Aliko Dangote, président du Dangote Group, s’est rendu à Oslo pour une réunion avec Nicolai Tangen, directeur général de Norges Bank Investment Management (NBIM), le fonds souverain norvégien qui gère environ 1 900 milliards de dollars d’actifs. Les discussions, tenues en présence des dirigeants de Yara International et de Scatec, ont porté sur un partenariat potentiel couvrant l’énergie, les énergies renouvelables, l’agriculture, les engrais et le ciment.

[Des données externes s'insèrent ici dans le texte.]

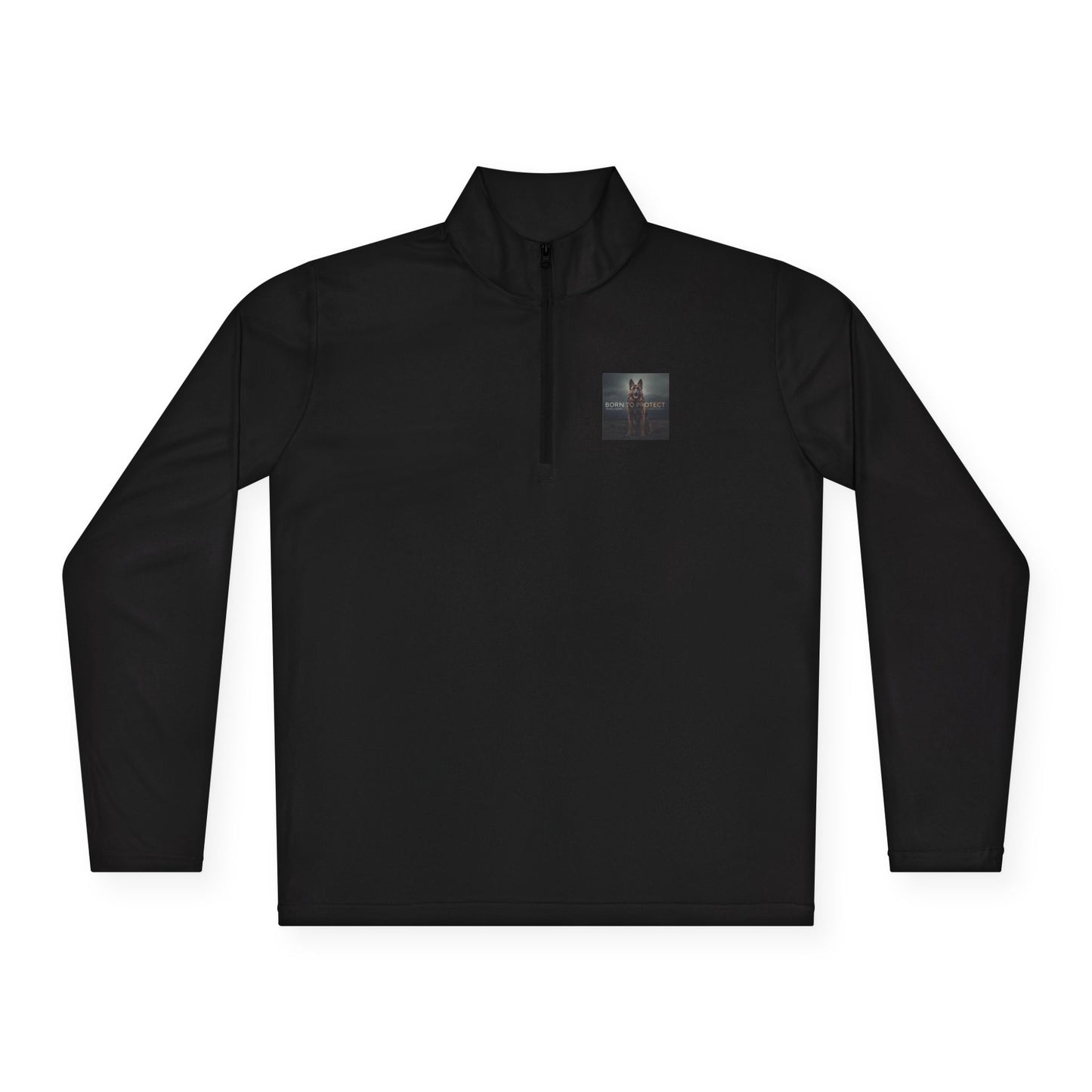 German Shepherd Born To Protect Quarter Zip Pullover | Eco-Limited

Une convergence d’intérêts norvégiens
La composition de la délégation norvégienne n’était pas fortuite. Svein Tore Holsether, directeur général de YaraInternational, l’un des principaux fournisseurs mondiaux d’engrais, et Terje Pilskog, directeur général de Scatec, développeur d’énergies renouvelables disposant d’actifs opérationnels en Égypte, en Afrique du Sud, au Mozambique et au Rwanda, étaient tous deux présents. Dangote Fertilizer, l’usine d’urée de trois millions de tonnes par an achevée à Lagos en 2023, et les ambitions déclarées du groupe dans la production d’électricité à grande échelle dessinent un terrain d’entente concret avec ces deux entreprises.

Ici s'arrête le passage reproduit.